Sunday, November 6, 2011

Risk waterfall, or not

Waterfall is a four letter word in the project management space.

Everyone will tell you they understand the hazards and seek a more effective paradigm. Actually, the synonym is sequential process (sounds better, and more sophisticated) and the better idea, practiced by most, is sequences with iteration and feedback.

Most understand the idea of feedback as a control device (for those that want to brush up, a good read is Donella Meadows' book "Thinking in Systems"). So, when you combine a control device with the opportunity to do over or correct, you've got a sequence under control, and a sequence that is responsive to outcome demand.

Nice.

Now, the agilists call an iterative sequence under control just common sense, or complex adaptive (perhaps so, in some cases) or emergent (closer to what actually happens). But, usually the discussion on this topic is all about the vision, the requirements backlog, and the intended product or process outcome. The risk register--indeed, the whole RM process--is often ignored, or just not in the discussion.

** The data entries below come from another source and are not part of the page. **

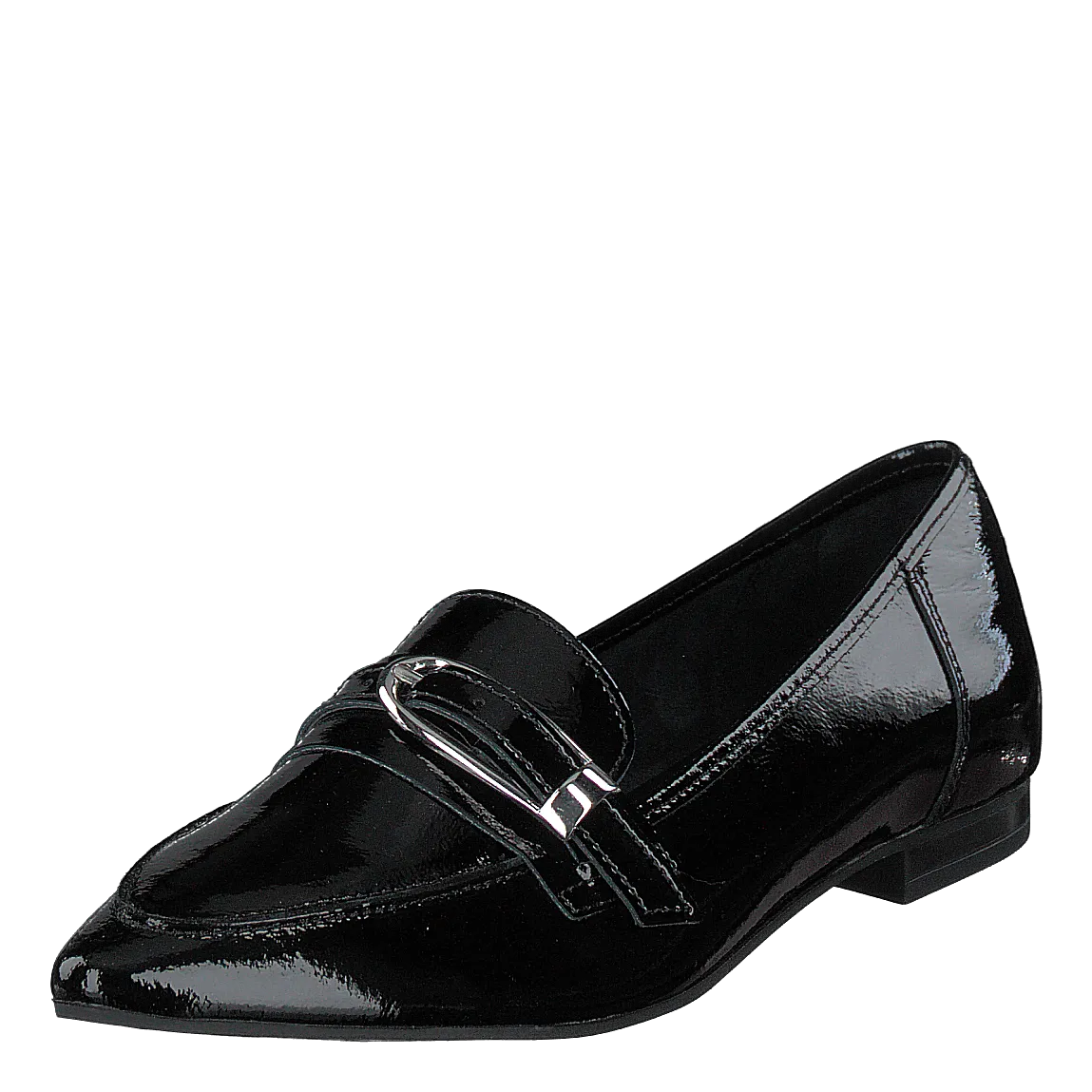 Alia Leather Buckle Loafer 103 - Black 3
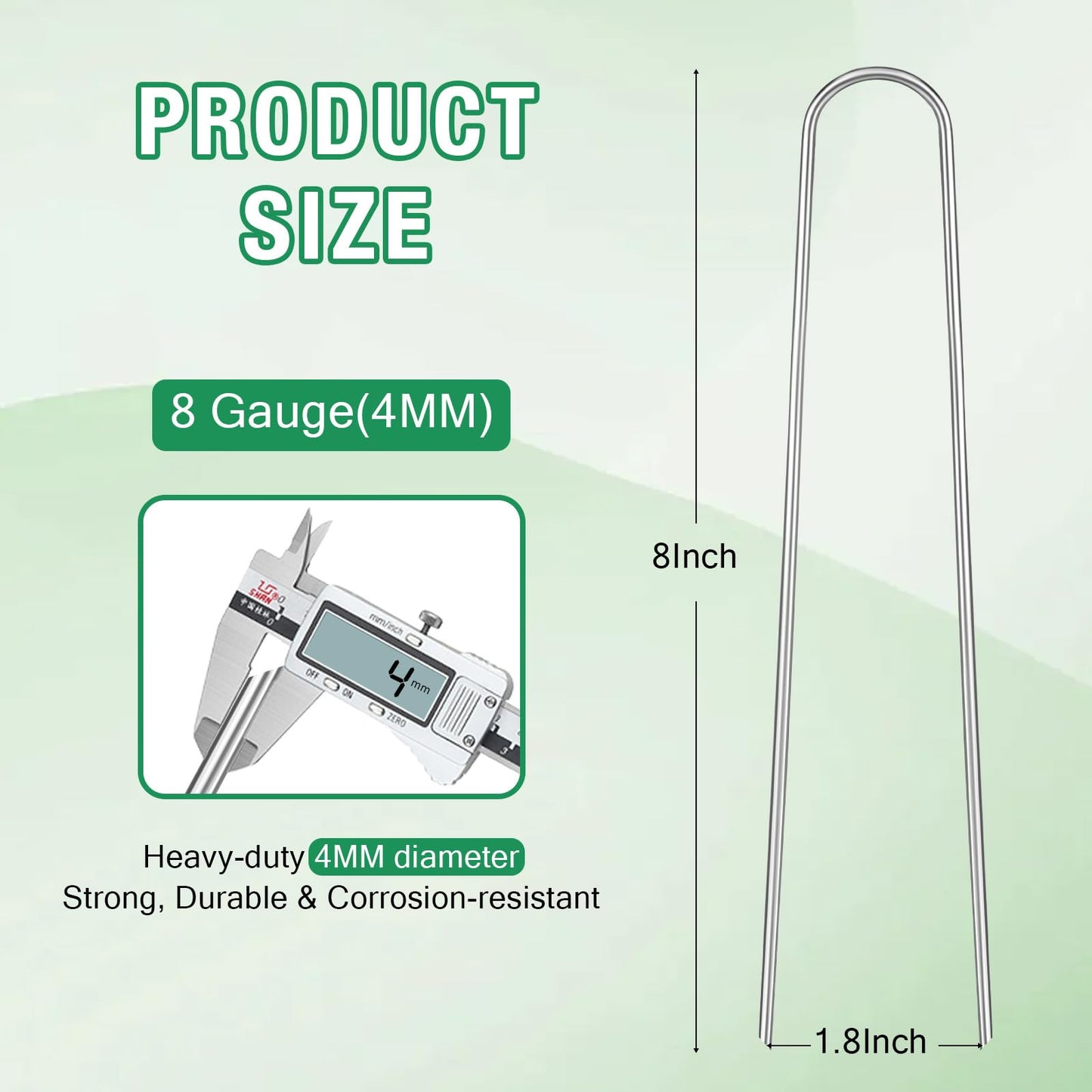 8 Gauge Landscape Staples, FUIJOL 8 Inch 15 25 50 100 Pack Heavy Duty U-Shaped Landscape Stakes, Galvanized Garden Staples for Weed Barrier Stakes, Ground Cover, Irrigation Tubing, Fence (25, 8 Inch)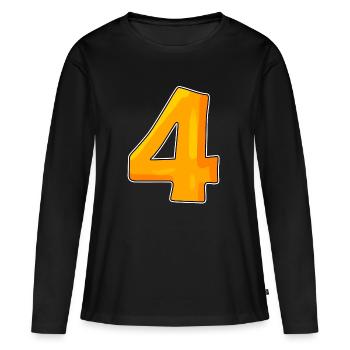 Numéro numéro 4 - T-shirt manches longues Premium bio Femme - noir - Devant - Julia (174cm)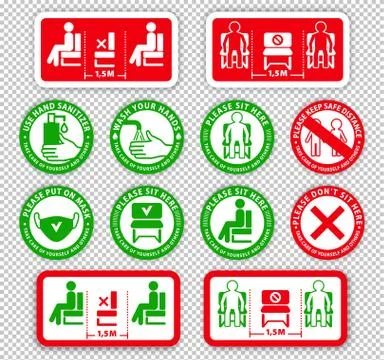 Warning signs on transparent background.. Keep distance between people. Do not Stock Illustration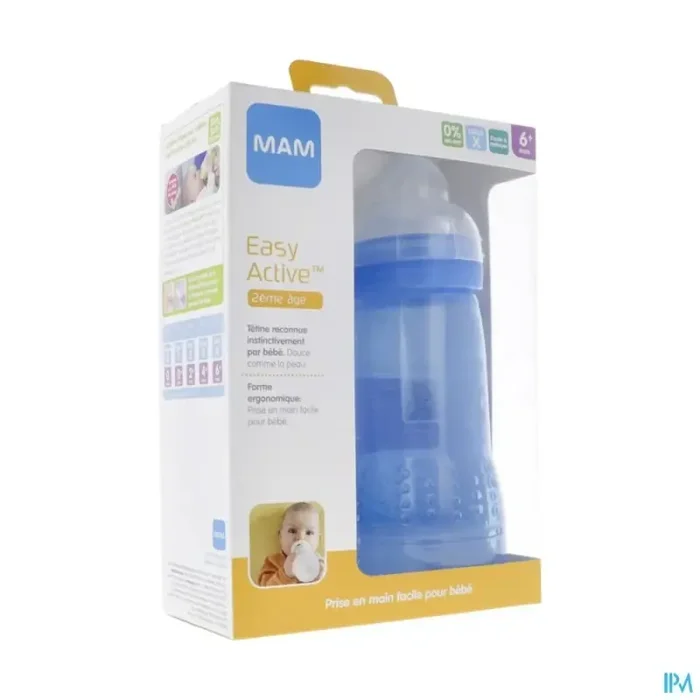 Mam biberon easy active 2eme age colore 330ml garcon tetine debit x x2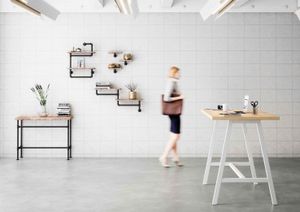 contemporary high bar table / metal / oak / rectangular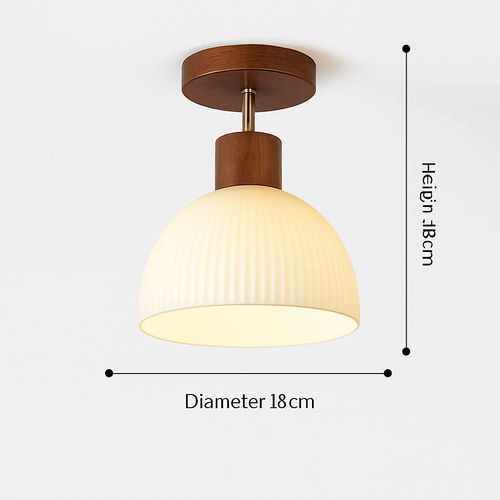 suspension japonaise moderne en bois et verre luminaire design - vue 21 sur 24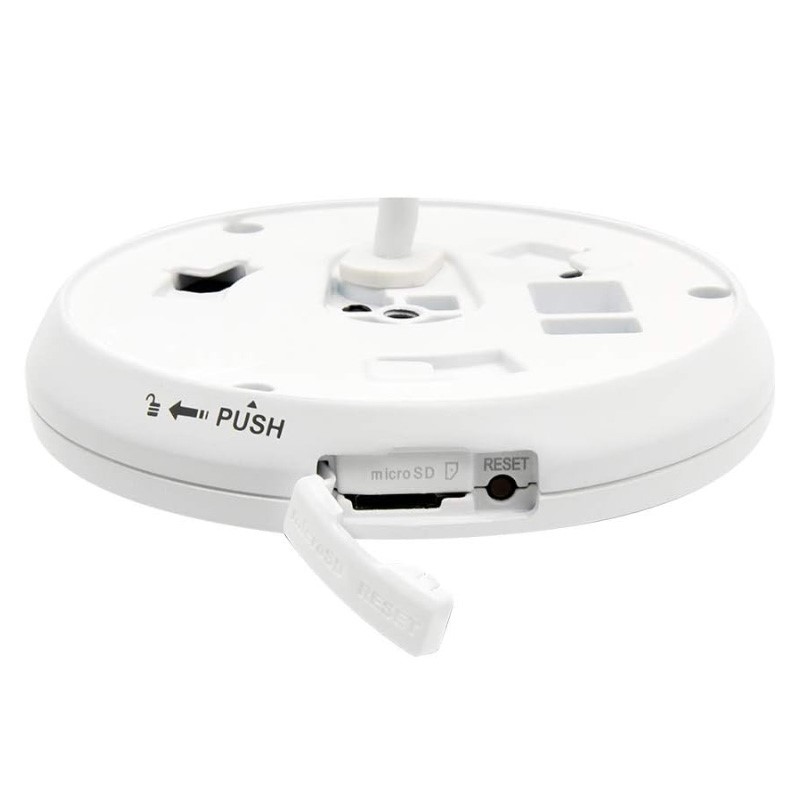 زیر و کنار دوربین مداربسته هایک ویژن DS-2CD2955G0-ISU با اسلات کارت حافظه که در آن باز است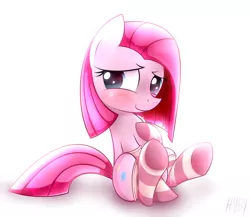 Size: 3000x2600 | Tagged: safe, artist:heavymetalbronyyeah, derpibooru import, pinkie pie, earth pony, pony, blushing, clothes, cute, cuteamena, female, filly, high res, light, looking at you, pinkamena diane pie, simple background, smiling, socks, solo, striped socks, underhoof, white background, younger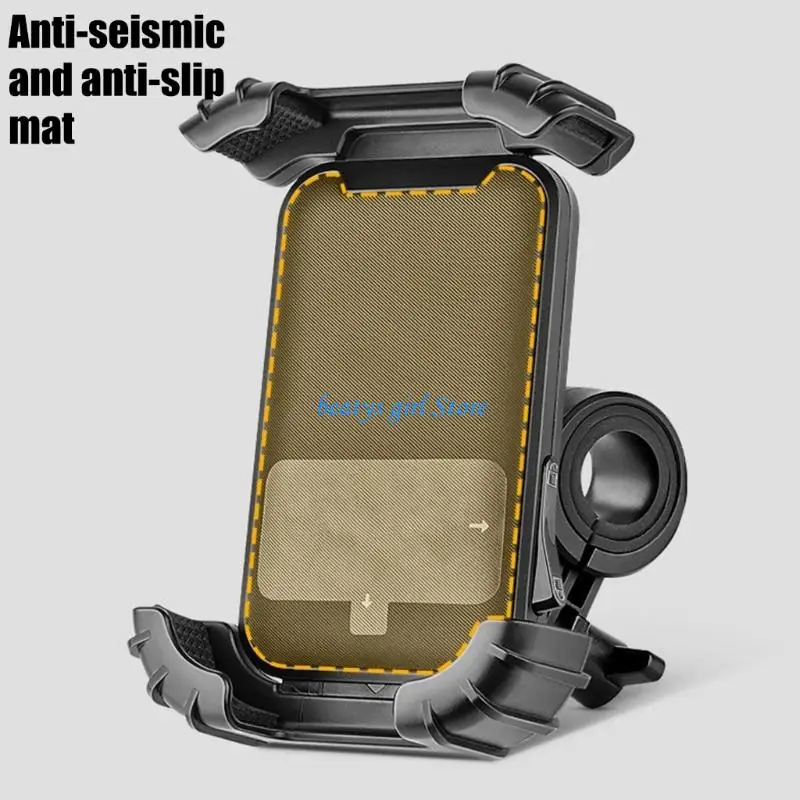 C7AB Phone Holder Motorcycle Rearviews Handlebars Holder Mount 360 Degree Rotatable
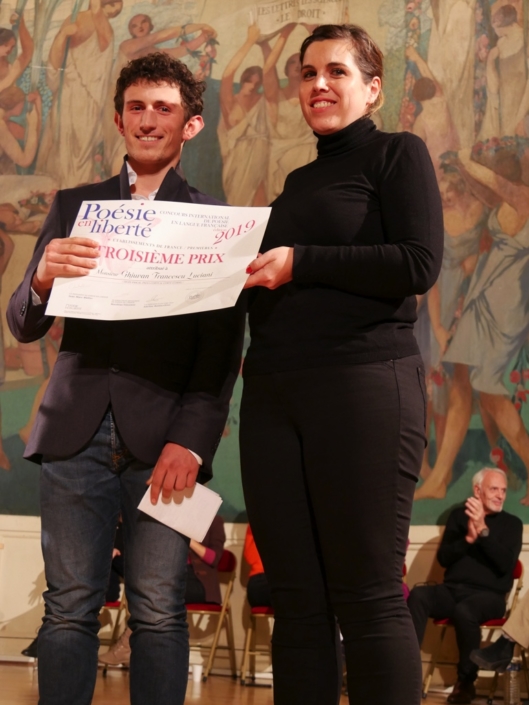 Ghjuvan Francescu Luciani et Rozenn Bartra, de la Direction des Affaires Culturelles de la Ville de Paris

Where does the classic RM sequence fit in? Recall the sequence: set the context; identify risks; qualitatively and quantitatively assess the risks; plan responses; do, monitor, and control the response and its impact.

Now, how does the risk sequence fit into an agile emergent paradigm, or a iterative sequential baseline process?

I posit that the right strategy is to distribute the sequence: the first two steps, set the context and identify the risks, and be done as part of the project business case and the original envisioning.  The latter steps can be allocated to the execution teams.  As such, every time the backlog is reevaluated, so also is the risk register reevaluated (thus, iteration to the project charter) and the assessment, response planning, and monitor/control are incorporated into the team work of each time box or other scope segment.

So, in effect, the sequential process, with feedback, is made iterative by time box or scope segment as matter of methodology design and management policy.